- [Work required]:
When you copy the listing, skip the images and return each line verbatim.

- [Source information]:
▶

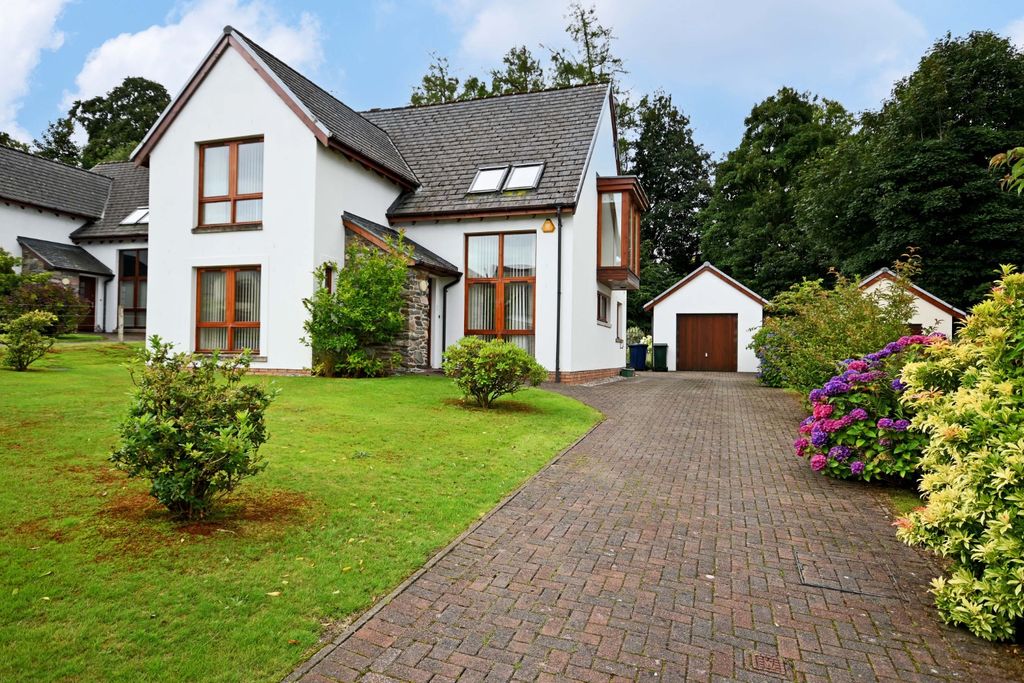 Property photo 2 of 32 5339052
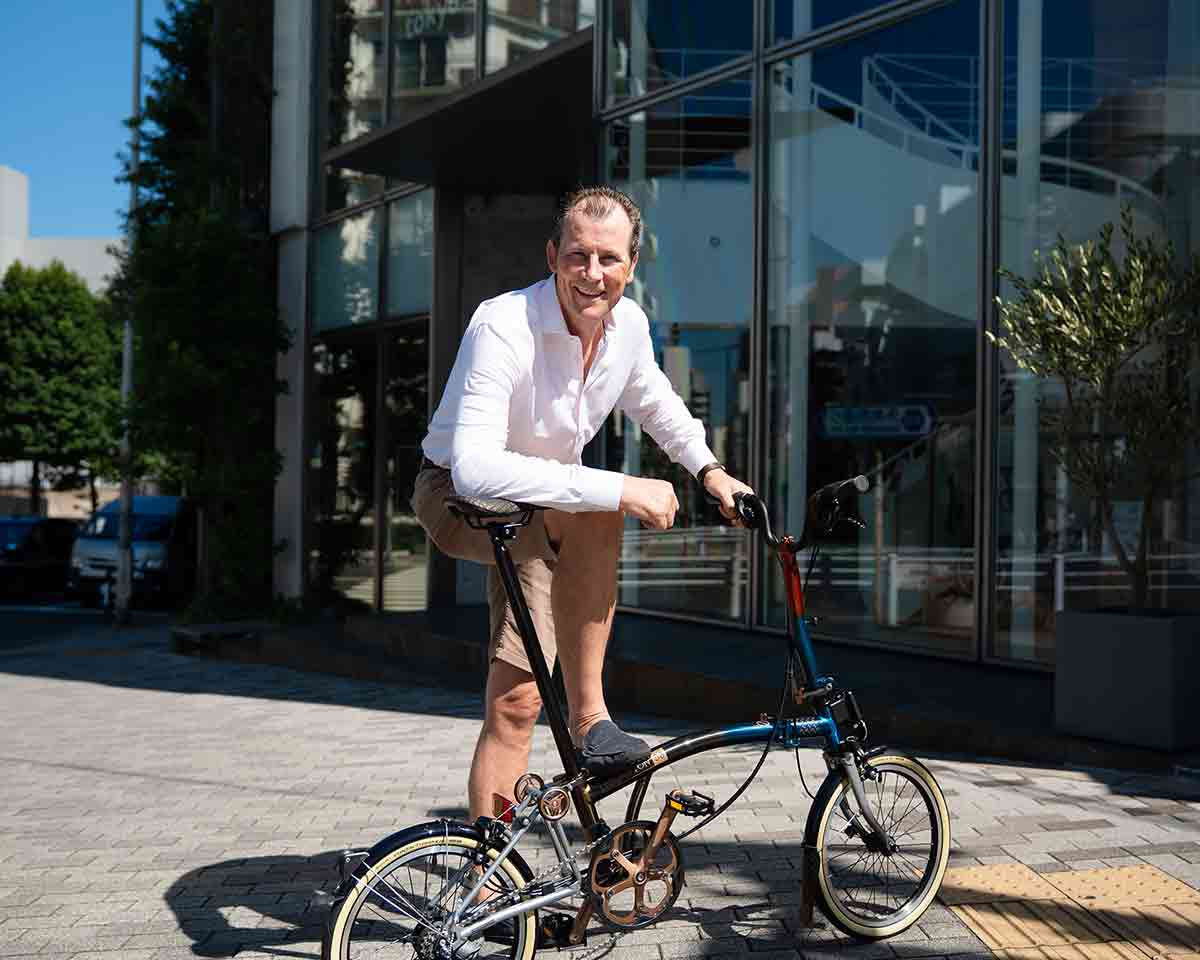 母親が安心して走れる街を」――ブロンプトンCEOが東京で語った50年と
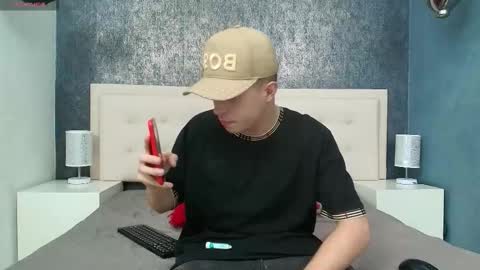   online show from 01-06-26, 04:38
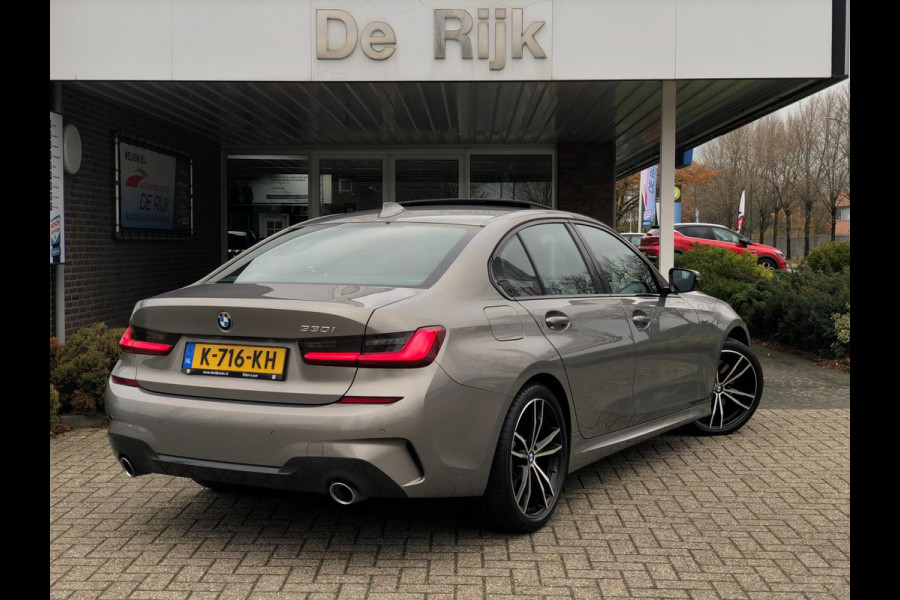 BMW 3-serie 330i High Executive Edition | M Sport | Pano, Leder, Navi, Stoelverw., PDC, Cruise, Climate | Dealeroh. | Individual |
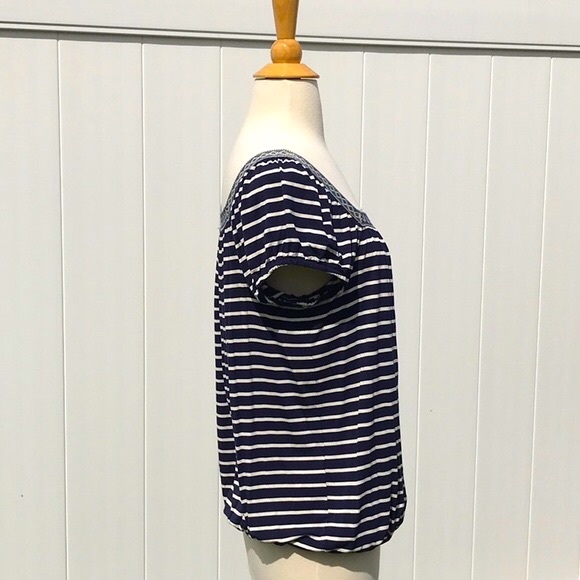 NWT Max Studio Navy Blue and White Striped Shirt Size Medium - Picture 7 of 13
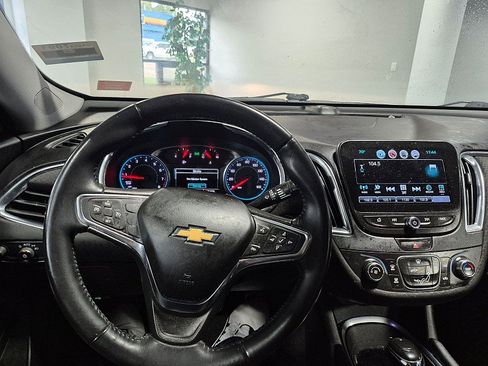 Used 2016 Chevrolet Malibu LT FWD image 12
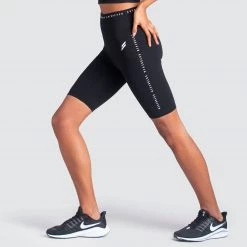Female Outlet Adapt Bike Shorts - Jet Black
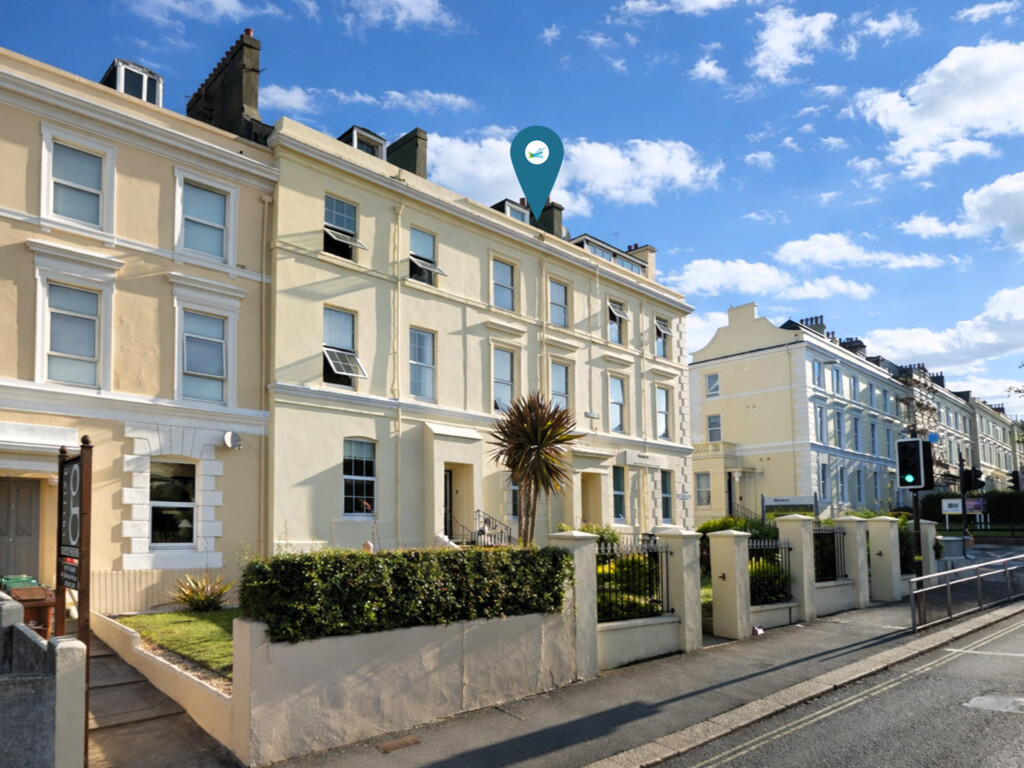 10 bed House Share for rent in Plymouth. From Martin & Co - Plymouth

◀

- [Exercise response]:
 Property photo 2 of 32 5339052
 母親が安心して走れる街を」――ブロンプトンCEOが東京で語った50年と
   online show from 01-06-26, 04:38
 BMW 3-serie 330i High Executive Edition | M Sport | Pano, Leder, Navi, Stoelverw., PDC, Cruise, Climate | Dealeroh. | Individual |
 NWT Max Studio Navy Blue and White Striped Shirt Size Medium - Picture 7 of 13
 Used 2016 Chevrolet Malibu LT FWD image 12
Female Outlet Adapt Bike Shorts - Jet Black
 10 bed House Share for rent in Plymouth. From Martin & Co - Plymouth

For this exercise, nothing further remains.